Удивительным образом, спокойствие и принятие (и даже плохо, казалось бы, сочетающееся с этим имперским городом чувство уюта - а ведь оно есть, ближайшее, теснейшее) здесь вызывают и зябкая сырость, и пасмурность: всё это так и должно быть, совпадает с внутренней точностью города. В свете его собственного сияния (которому, кстати, совершенно не обойтись без мрачных изнанок, тёмных дворов-колодцев и всякого такого: без них сияние было бы уж совсем неправдой; по счастью, это и невозможно) ясность избыточна и едва ли не неприлична, а тепло (не говоря о жаре, Боже избави) вообще из какой-то другой истории. Оно тут случайно.
***
Я бы сказала, что в постоянной напряжённости Петербурга (его исторического центра, который сразу строился как способ решительного присвоения европейской исторической памяти - не той только, что в голове, разлитой по всему телесному чувству; просто - европейской истории; так, как если бы она была уже нами прожита) есть что-то экстатическое (есть и некоторая стиснутость естества этой изначально встроенной в город сверхзадачей, - пожалуй, это единственный в России город с изначальной сверхзадачей), - некоторое постоянное заламывание рук, воздевание их к небу, - нечто театральное, нечто и нарочитое (то есть то, по идее, чего я никогда не любила - в людях, в общении, в чём бы то ни было, не чувствую себя способной любить. Всё это в избытке есть в старой Праге, отчего мне там темно-тревожно по полной программе. Но то же самое - или не то же всё-таки? - в Петербурге почему-то не отменяет ни любви к нему, ни глубокого внутреннего спокойствия в нём, ни чувства совпадения всего этого с естеством вещей [да, вещи в своём естестве темны и тревожны, а как же]). Он строился как декорации к спектаклю, которому ещё предстояло быть сыгранным; декорации, которой предстояло этот спектакль направлять, формировать, а то и попросту создавать его - вытягивать из небытия, из возможности - в существование.

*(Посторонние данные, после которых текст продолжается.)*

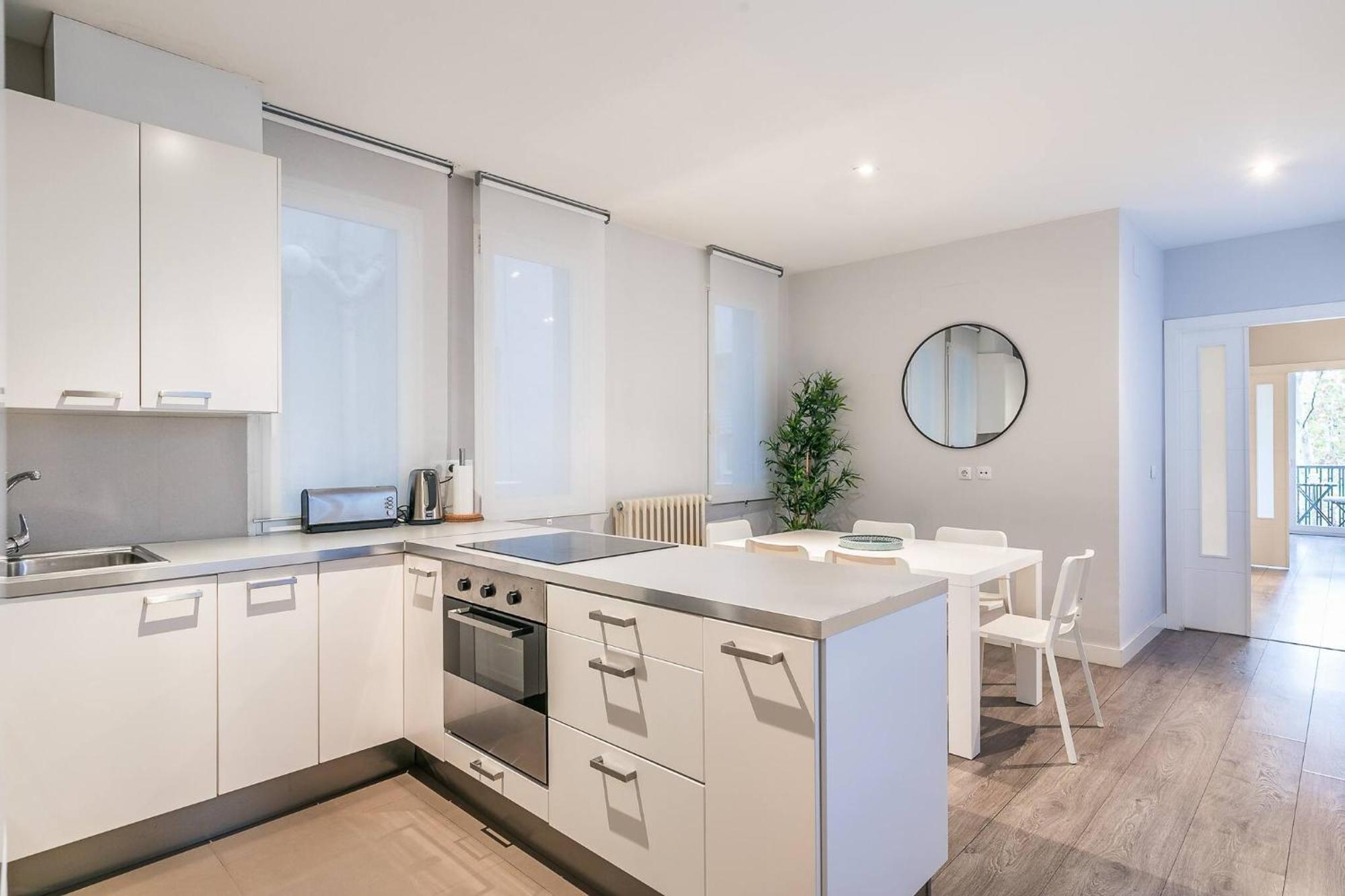 Castellana Suites Madrid Eksteriør bilde
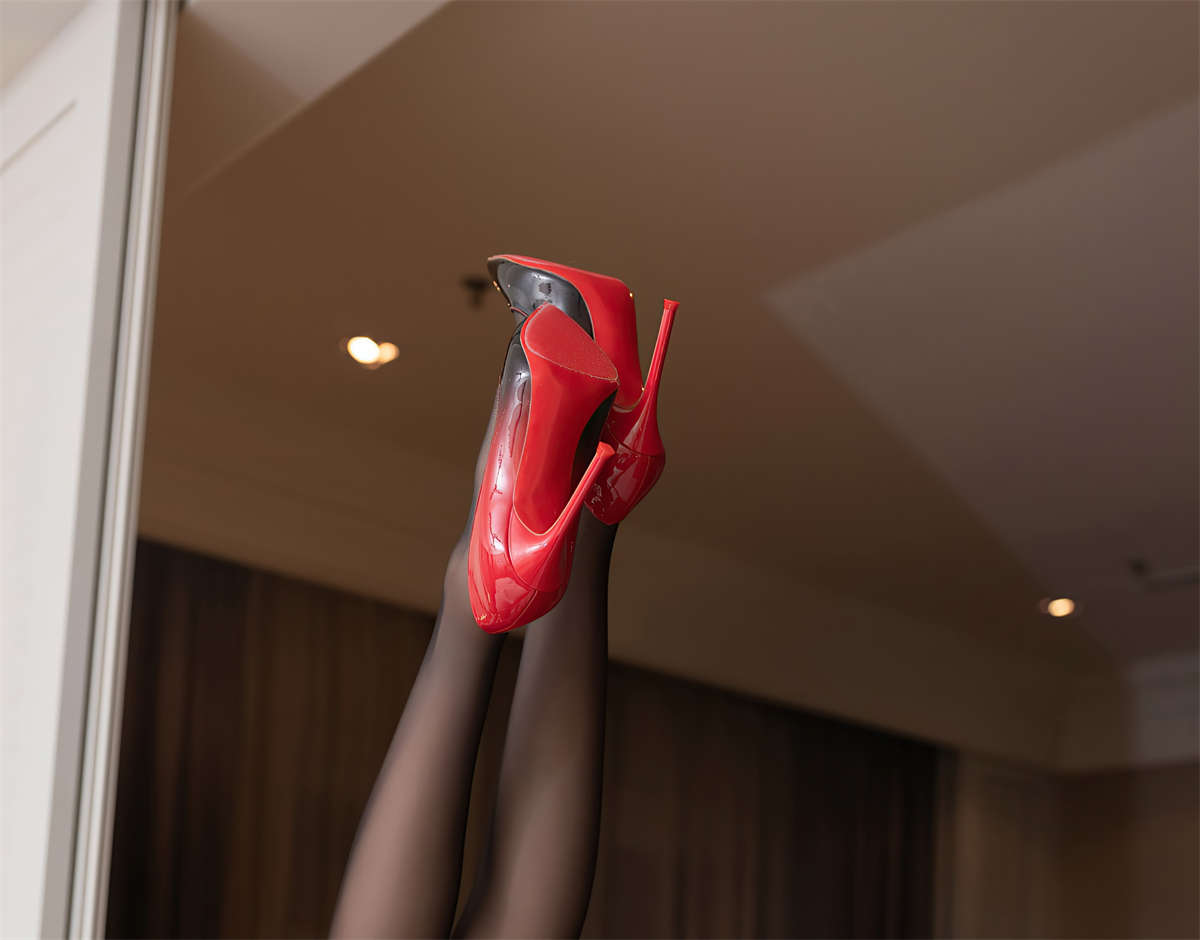 图片[2]-Xiuren秀人网 2024.09.13 NO.9158 陆萱萱-日更街拍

И с тех самых пор у него осталась эта таинственная способность вытягивать из небытия.
Здесь хорошо просто от того, что этот город есть и я в нём есть, и мне ничего от него не надо, кроме одного только (счастливого и всеисчерпывающе-избыточного) факта, что он есть.
С Москвой иначе. В ней - как в материнской утробе, - чувство глубокой принадлежности, - в утробе, из которой возможно родиться только в смерть. Отъезд оттуда навсегда, если бы случился, точно был бы разновидностью смерти - отделения души от решающим образом определяющего её тела. В ней - как в медленно (почти никогда не жаром, - теплом! - хотя иногда и жаром тоже) выпекающей меня печи: всё выпекает, выпекает - вот уже скоро шесть десятилетий.

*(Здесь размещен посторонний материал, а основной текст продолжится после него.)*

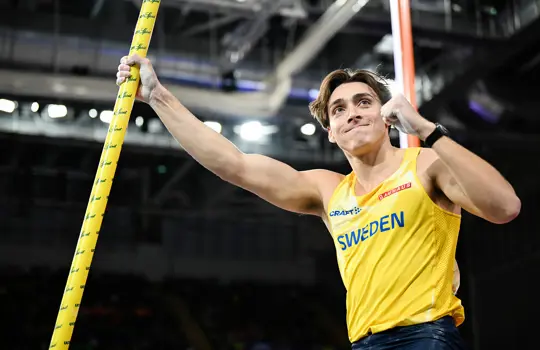 Armand Duplantis (36)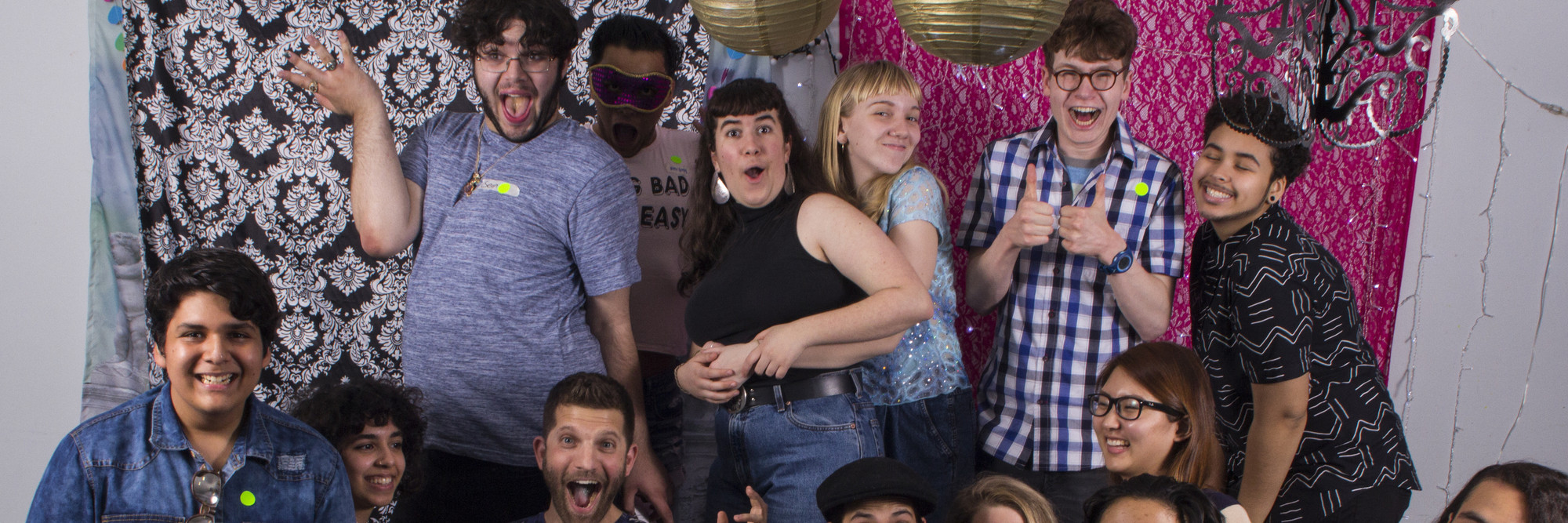 Open Art Space teens and teaching artists pose before a backdrop smiling at the camera. Photo: Néstor Pérez-Molière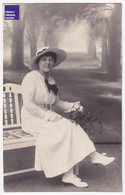 Jolie Carte Postale Photo Originale 1910s Photographie Saarelouis Saarlouis Femme Mode Robe Blanche Atelier Treib A49-77 - Kreis Saarlouis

С нею - отношения постоянного, медленного - потому что очень большого - рождения, которое не закончилось на рубеже июля и августа 1965 года, а тогда только началось.

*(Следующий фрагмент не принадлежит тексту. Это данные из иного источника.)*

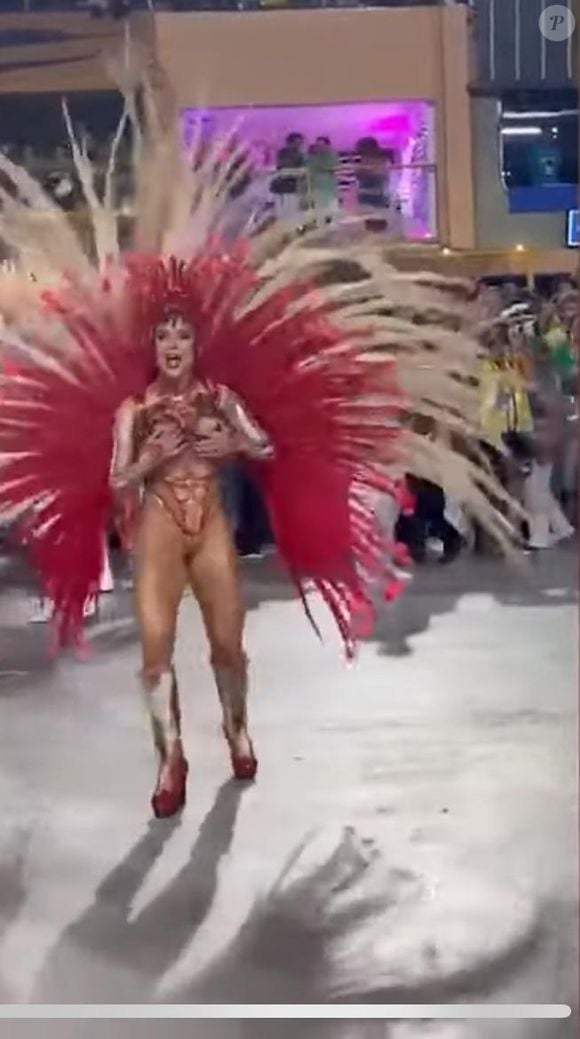 Gabi Martins ficou com seios à mostra no Carnaval da Sapucaí de 2024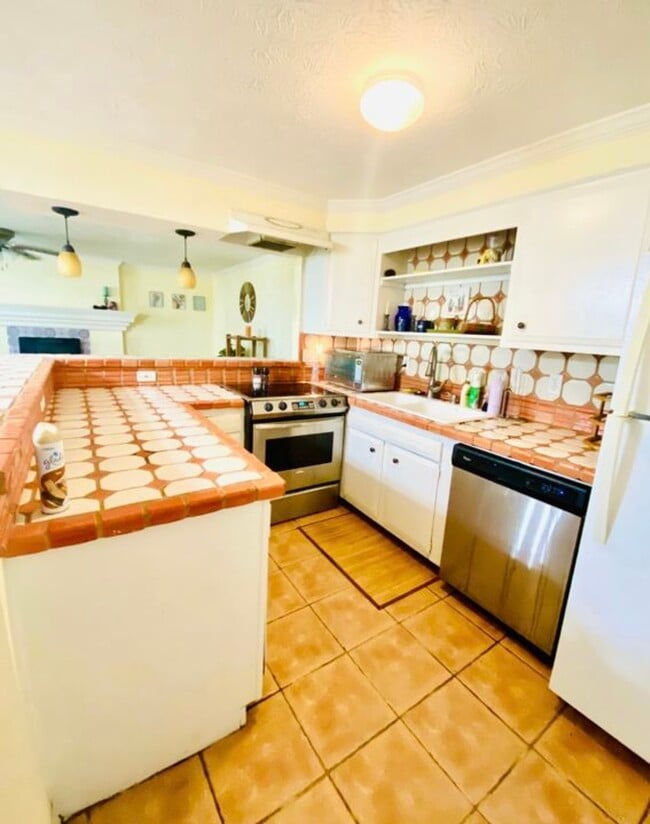 110 B St in St. Augustine, FL - Foto de edificio - Building Photo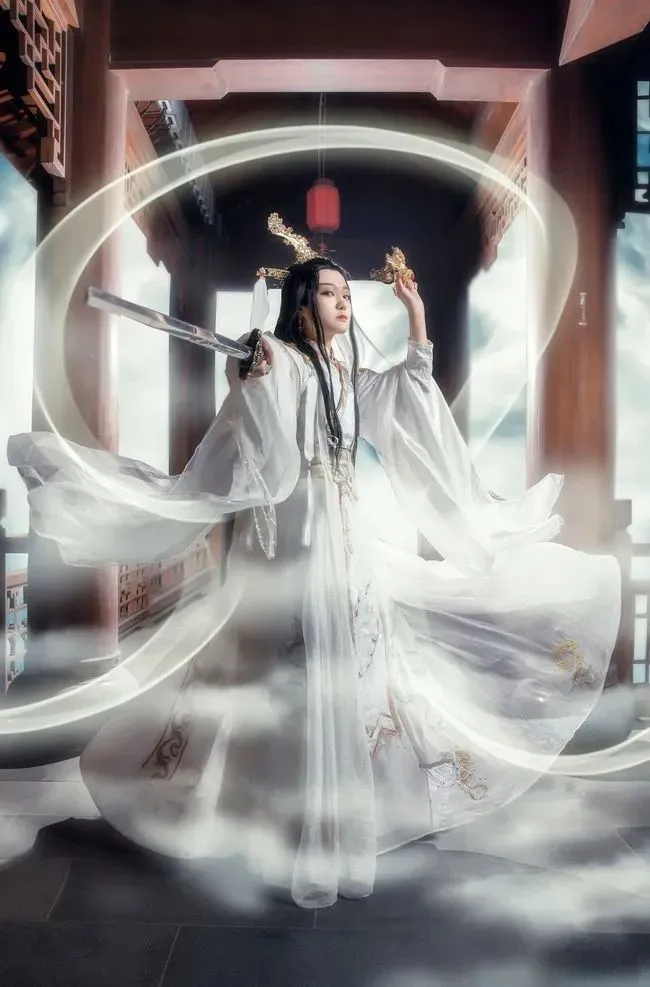 cosplay！天官赐福-太子悦神＠碧落云殇 身在无间，心在桃园 天官赐福，预祝新春快乐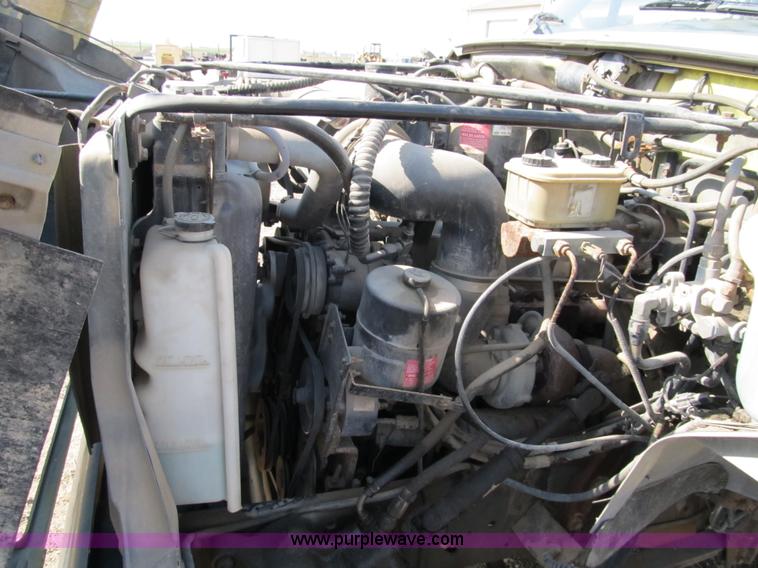 image for item 4894 1989 Ford F700 service truck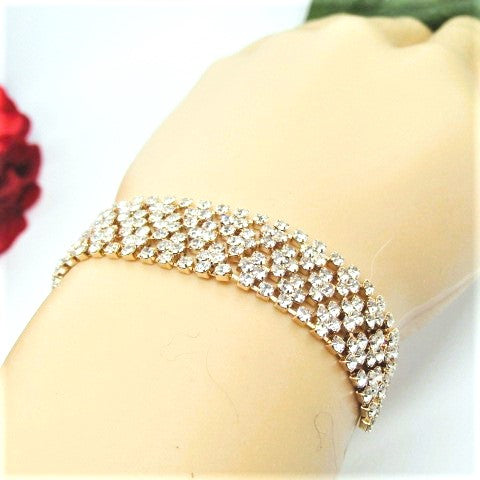 https://www.artistryjewelry.net/products/formal-rhinestone-slide-bracelet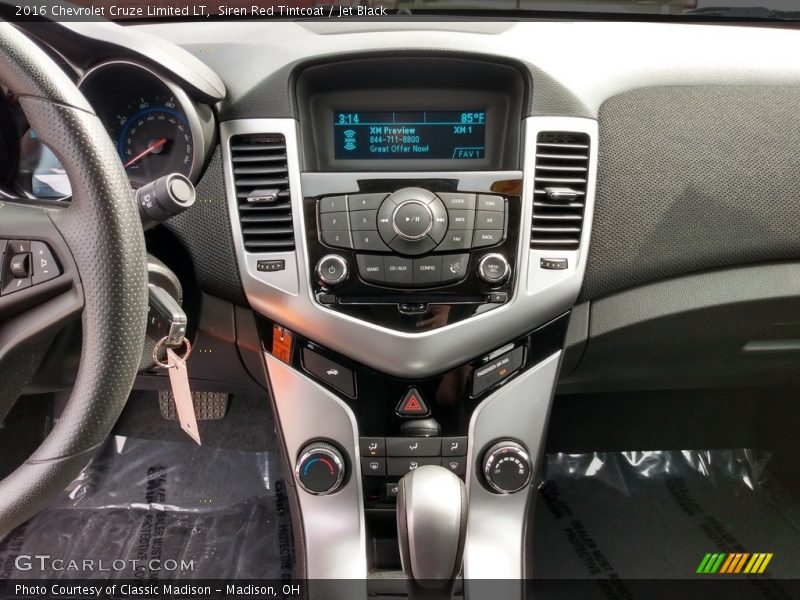Siren Red Tintcoat / Jet Black 2016 Chevrolet Cruze Limited LT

Петербургу я, конечно, никоим образом не принадлежу; он меня принимает готовенькую - и вообще мои личные подробности, память и обстоятельства не имеют здесь никакого значения, - совершенно независимо от того, что мне очень даже есть что вспомнить в связи с ним, - мои отношения с ним от этого не зависят: он прекрасен независимо от (чего бы то ни было). Я стягиваюсь в точку чистого наблюдения. В этом тоже есть что-то от освобождения от биографии.
Москва обнимает. Она очень участлива и чрезвычайно, избыточно памятлива (и это совершенно не зависит от, скажем, архитектурных и эстетических характеристик пространства). Петербург мною не интересуется - но и слава Богу. И не надо.